LONDON – Nearly 750 armored vehicles purchased by the British Ministry of Defence to combat the threat of roadside bombs in Afghanistan are being axed from the Army’s force structure.

Mastiff, Ridgeback and Wolfhound armored fleets are to be pensioned off in the latest drawdown of vehicles under the Land Environment Fleet Optimisation Plan (LEFOP) by the British Army, MoD procurement minister Jeremy Quin told lawmakers this month.

The plan includes the complete deletion of some fleets and the reduction in size of others, as vehicle numbers are right-sized to reflect the needs of the British Army.

Some 733 of the vehicles built by US manufacturer Force Protection, subsequently acquired by General Dynamics, are to go in the latest cull of counterinsurgency-specific rides purchased by the British to provide better protection for troops against improvised explosive devices.

„The Army continues to rationalise its legacy vehicle fleets, work commenced in 2017 under the Land Environment Fleet Optimisation Plan. This work has already removed 2,831 vehicles from service and disposed of a number of legacy vehicle fleets. The next strand of this work seeks to remove several further legacy vehicle types from service, including the disposal of the Mastiff, Ridgeback and Wolfhound fleets,“ Quin said in a July 2 written answer to a question asked by a lawmaker.

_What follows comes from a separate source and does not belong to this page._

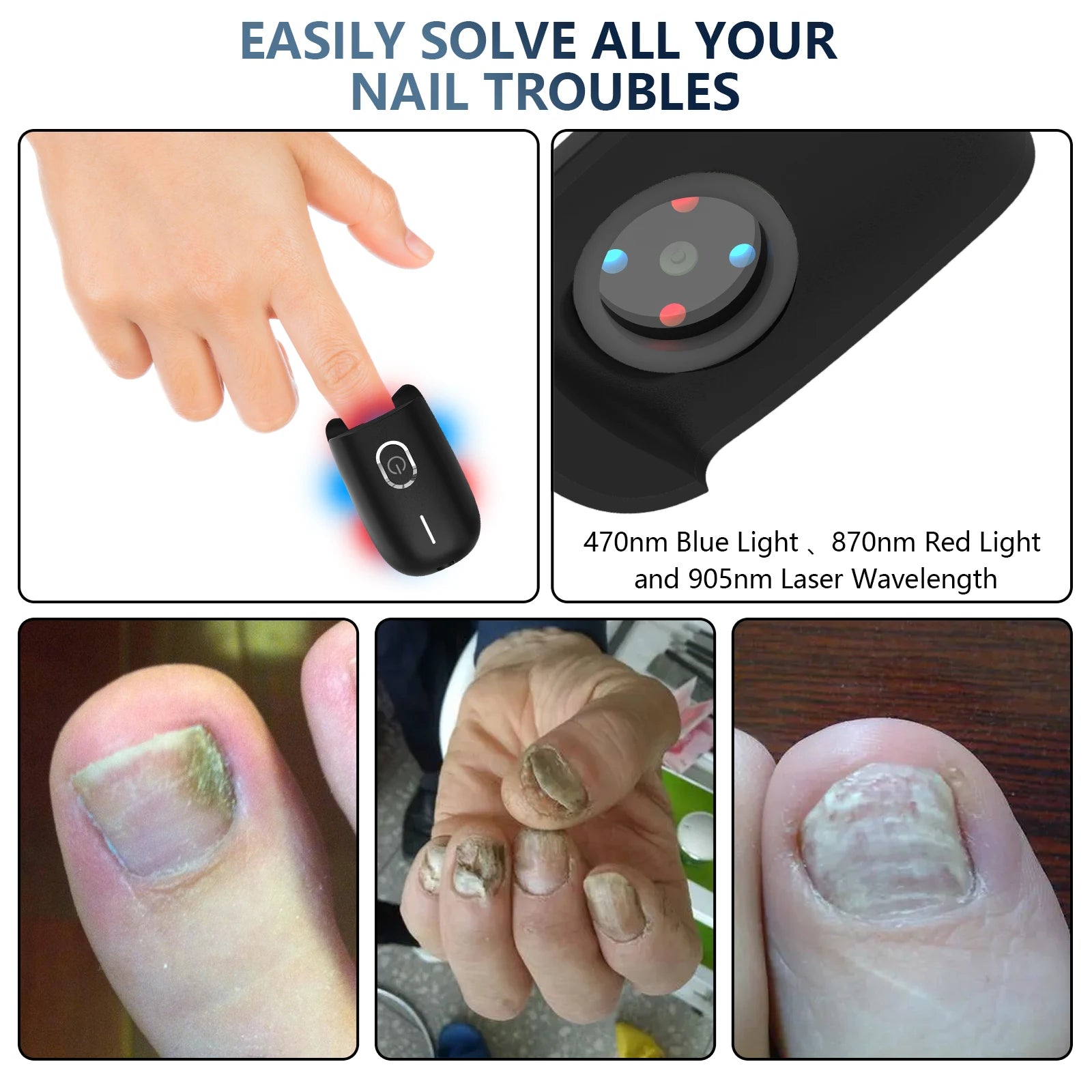 KTS Nail Fungus Laser Device Toenail Laser Therapy Machine - Supersell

The vehicles will be disposed of, possibly by sales to foreign defense departments, over the next few years.

The British purchased thousands of armored vehicles, mainly under its urgent rapid procurement scheme for meeting urgent needs, to improve protection for patrol and logistics operations.

With the end of Britain’s Afghan combat campaign in 2014 the vehicles were largely taken into the Army’s core equipment program.

In part that was to ensure the Army had the capability to respond to possible future stabilization operations, but also because the British had prevaricated for so long over buying 8x8 armored personnel carriers and other programs they were short of capability.

Now a slimmed-down British Army finds itself with more vehicles than its force structure requires.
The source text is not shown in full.